The 19th-century physician turned epidemiologist John Snow discovered that water, not air, was the cause of the 1854 London cholera outbreak simply by asking victims about where they got their water. We are more technologically advanced now, but we could still apply old-school epidemiological tools to the data that public health departments routinely collect and get better answers about where infections from the novel coronavirus happen.

My public health professor defined “epidemiology” simply: It’s the study of the causes of disease. Diseases like covid-19 have immediate causes, like the coronavirus that emerged late last year. But they also have an array of causes behind the causes. Understanding underlying causes, like where and how an infection spreads, is a key for stopping any disease.

Because the virus spreads easily and through people without symptoms, we can’t completely isolate the risk of getting covid-19 to just some places or activities. But the risks of getting and spreading the disease are not the same everywhere, at every time, for everyone. And as the epidemic evolves, we might expect increasingly localized outbreaks.

We’ve also heard about many high-profile outbreaks. They’ve occurred at nursing homes, meatpacking plants, choir practices and prisons. That tells us that particular places are riskier. So far, we’ve just been speculating about where. But answering these kinds of questions is what epidemiology can do well.

Nearly 6 in 10 Americans who are working outside their homes are concerned that they could be exposed to the virus at work and infect their families. (The Washington Post)

Uncertainty about risks will get in the way of America reopening. A recent Associated Press/University of Chicago poll tells us that over half of Americans fear getting a haircut, going shopping or visiting a friend. Better facts about the location of the bigger risks might help people feel more confident about lower-risk activities. This information also tells public health officials where to target prevention efforts.

States and counties collect detailed data on every covid-19 case, but so far, they haven’t been using that information to say where risks are higher. The Centers for Medicare and Medicaid Services is now reporting covid-19 cases and deaths from licensed nursing homes.

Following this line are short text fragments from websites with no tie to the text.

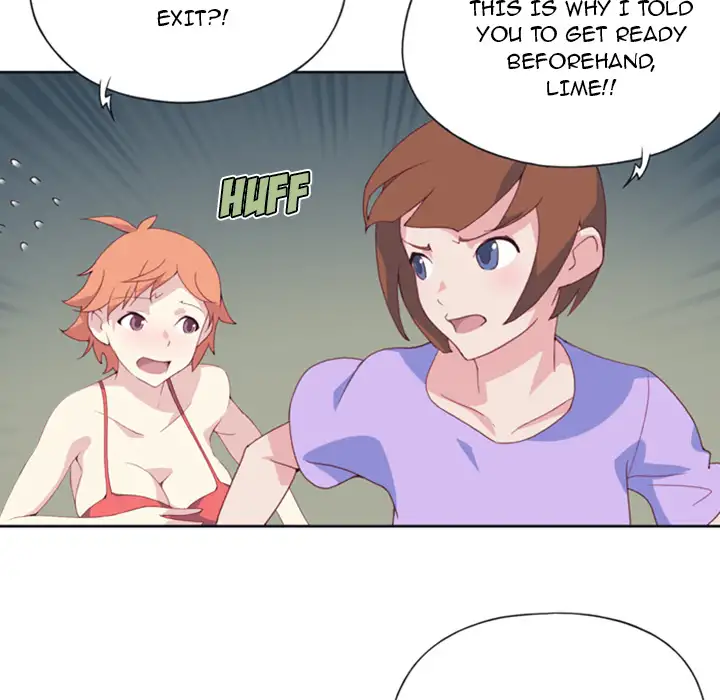 15 Beauties chapter 1 page 37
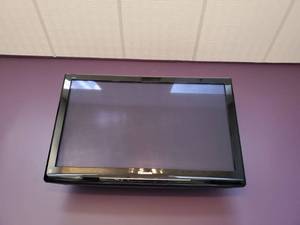 lot 4373 image: Panasonic 40in TV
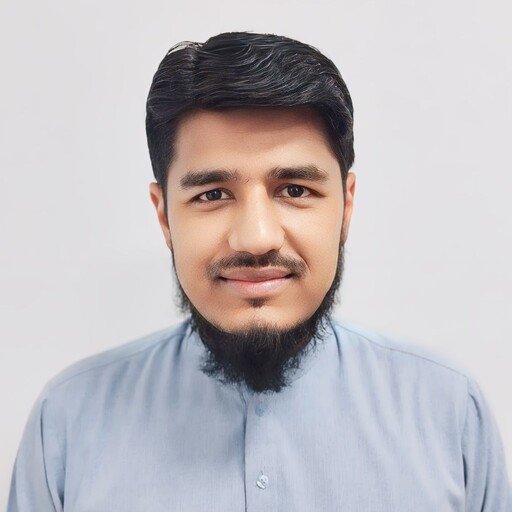 QAZI ABU BAKAR GHAFOOR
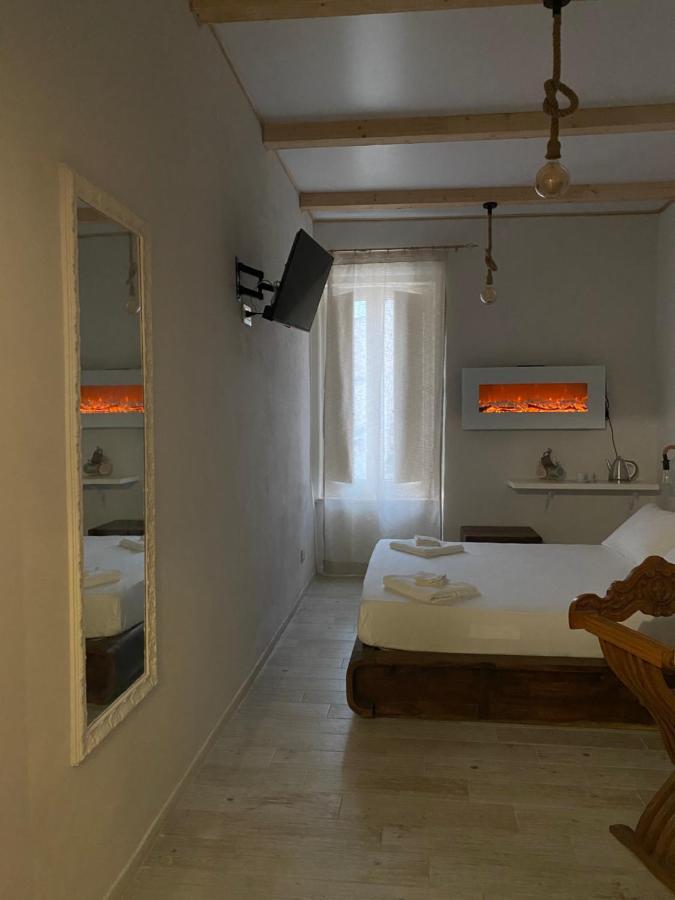 Palazzo Monna B&B Molfetta Exterior foto
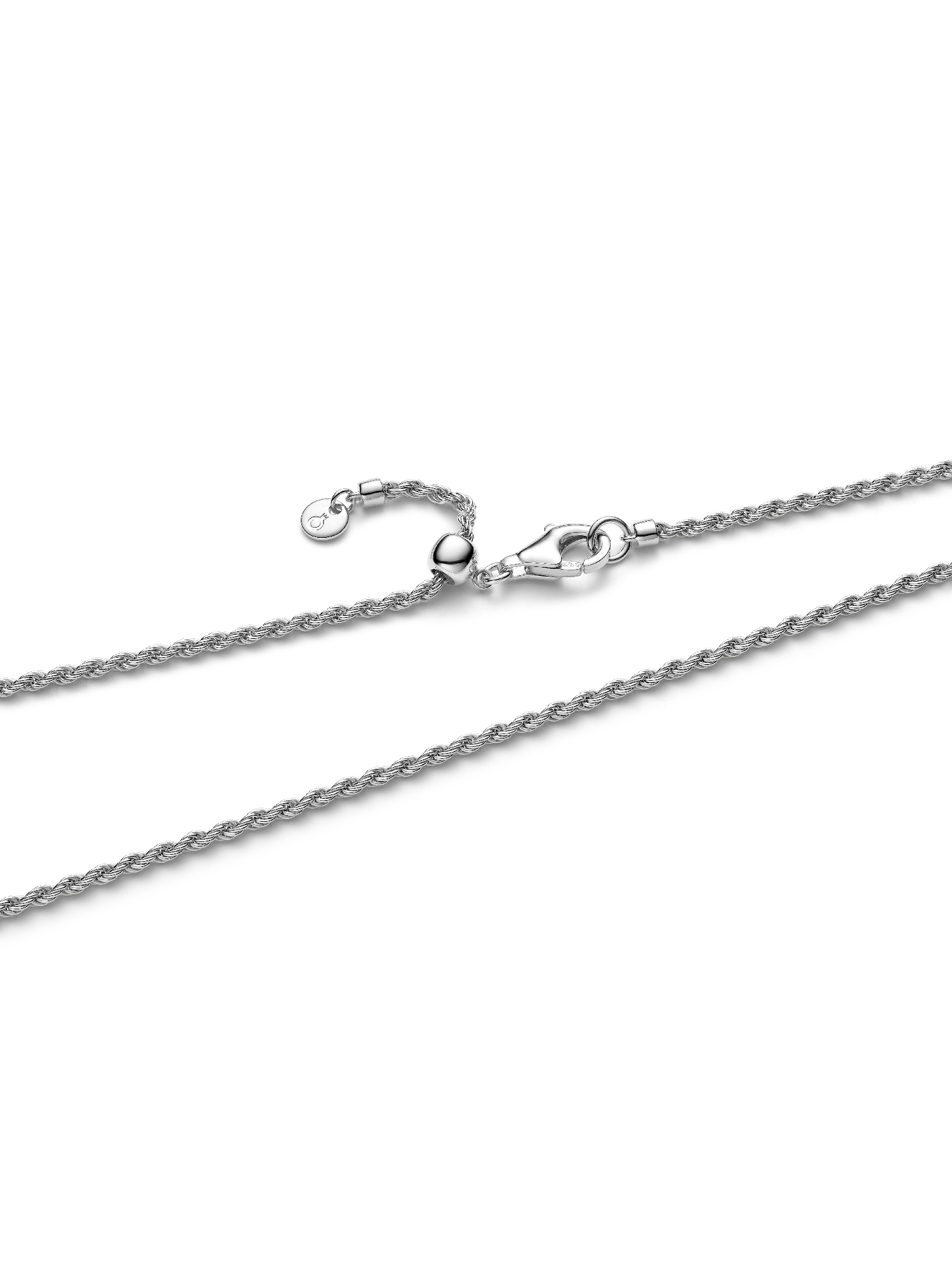 Rope Chain Necklace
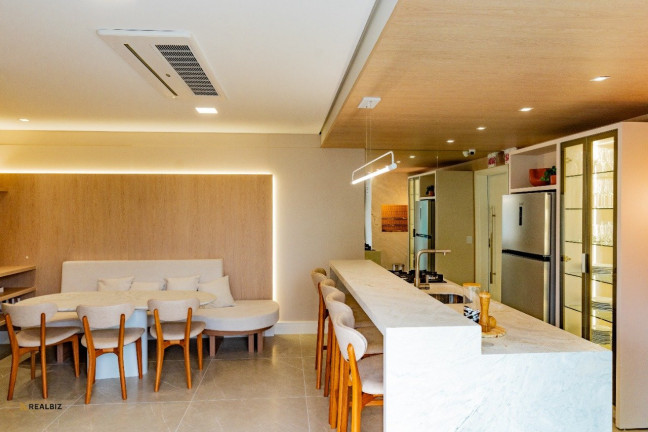 Imagem Apartamento com 3 Quartos à Venda, 106 m² em Armação Da Piedade - Governador Celso Ramos Imagem Apartamento com 3 Quartos à Venda, 106 m² em Armação Da Piedade - Governador Celso Ramos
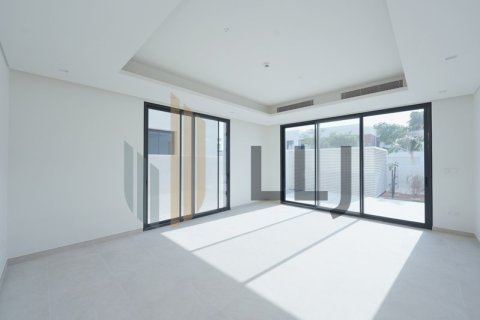 Villa de 4 dormitorios en  Saadiyat Island, UAE No. 101982 5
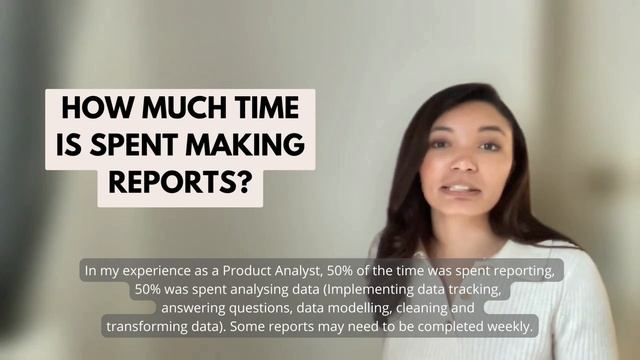 25 Data Analytics FAQs ANSWERED! [ BREAKING INTO DATA ] смотреть онлайн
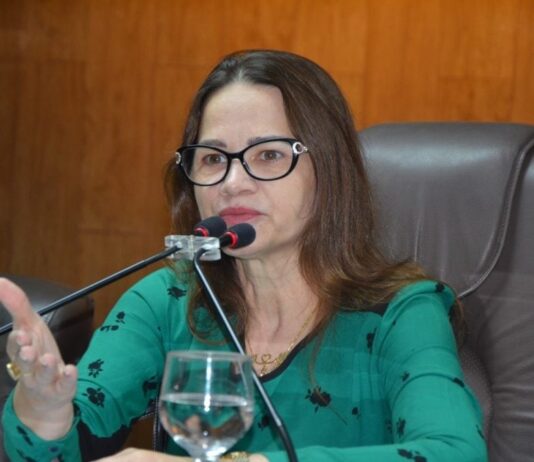 Vereadora Ivonete Ludgério(PSD) encerra semestre legislativo com foco nas demandas da população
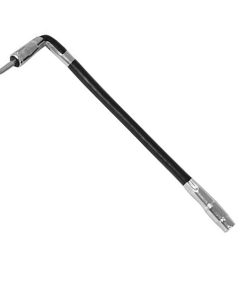 American Int'L; Mini Gm Antenna/Std Radio (84-13)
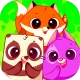 BibiLand: Kinder spelletjes 2+ icon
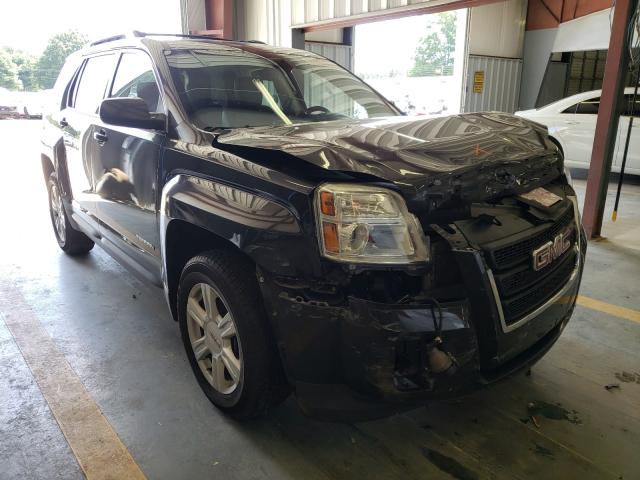 GMC TERRAIN SL 2014 2gkalsekxe6338669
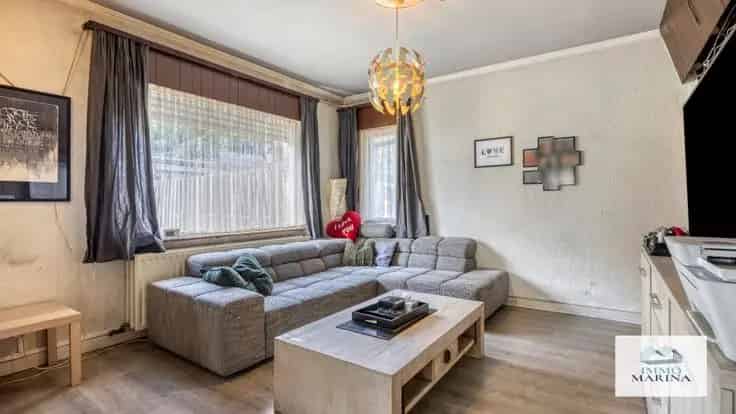 Huis Te Koop Olmen 3 Slaapkamers Renovatieproject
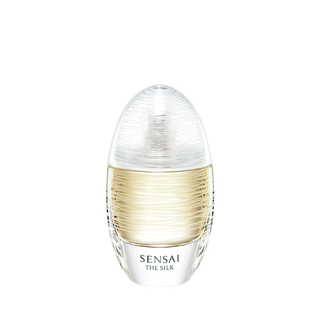 The Silk Eau de Toilette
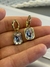 Pendientes ''Apolo''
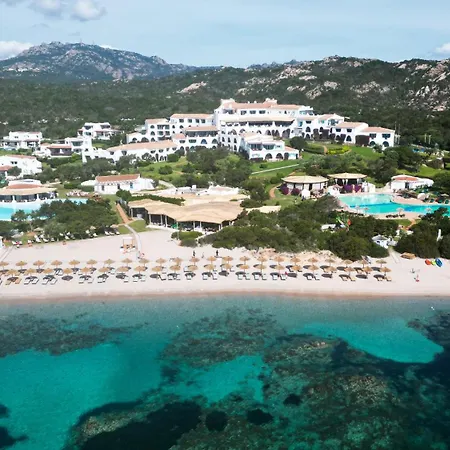 Romazzino, A Belmond Hotel, Costa Smeralda Szálloda Porto Cervo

Otherwise, neither states nor counties nor the Centers for Disease Control and Prevention have been telling us how much different living and working conditions contribute to the spread of the disease.

One study in Asia found that work-related transmission played an important role in the early phase of the outbreak, with health-care work, driving and retail sales being riskier jobs. The reason this study was possible is because researchers were able to easily extract the case data from six different Asian countries.

We have the same opportunities in the United States now. The case report forms completed by doctors contain a wealth of information, like the type of place a person lives, their work, whether they had contact with someone known to be infected or whether they traveled recently and where, if so. These case reports eventually get funneled up from counties to states and to the CDC.

The work of contact tracers provides additional clues. The tracer’s main job is to get an infected person’s contacts in quarantine. We can learn from the tracer’s work how many contacts are being reached and how quickly, giving us a sense of how many infectious people are circulating among us.

Tracers can also learn about how and where people made contact. Was it in a household, at a bar, a church, a school, a grocery store or a public swimming pool? Were people sharing a meal, working together or walking in a park?

This rich data is an opportunity to more precisely understand our risks and to more precisely target our resources. What’s needed is collecting this data well, organizing it and making it useful to people. Countries like Singapore are reporting the exact location of every cluster of covid-19 infections. Privacy advocates in the United States might object to this. But gleaning epidemiological insights doesn’t require revealing any private information.

One challenge is that today each county collects data on covid-19 in its own way. We need the information in the same language, in real time and publicly available. So far, very little risk factor information appears to be making its way to the CDC. Calls for better information on ethnicity began months ago. The CDC director recently announced requirements for counties to report more facts, but he gave them until August to deliver. We should expect every bit of useful information to be collected. August is too long to wait.

All things considered, organizing and sharing this data should be one of our easier challenges. It’s not like we need to invent a new kind of ventilator. This is the country of big data and technology titans.

Understanding why and where covid-19 spreads may not lead us to the cesspool where the disease breeds, as it did for John Snow, but it may provide enough guideposts to lead us to safety. Health departments have been collecting this data for months already. It’s time to bring it together and use it.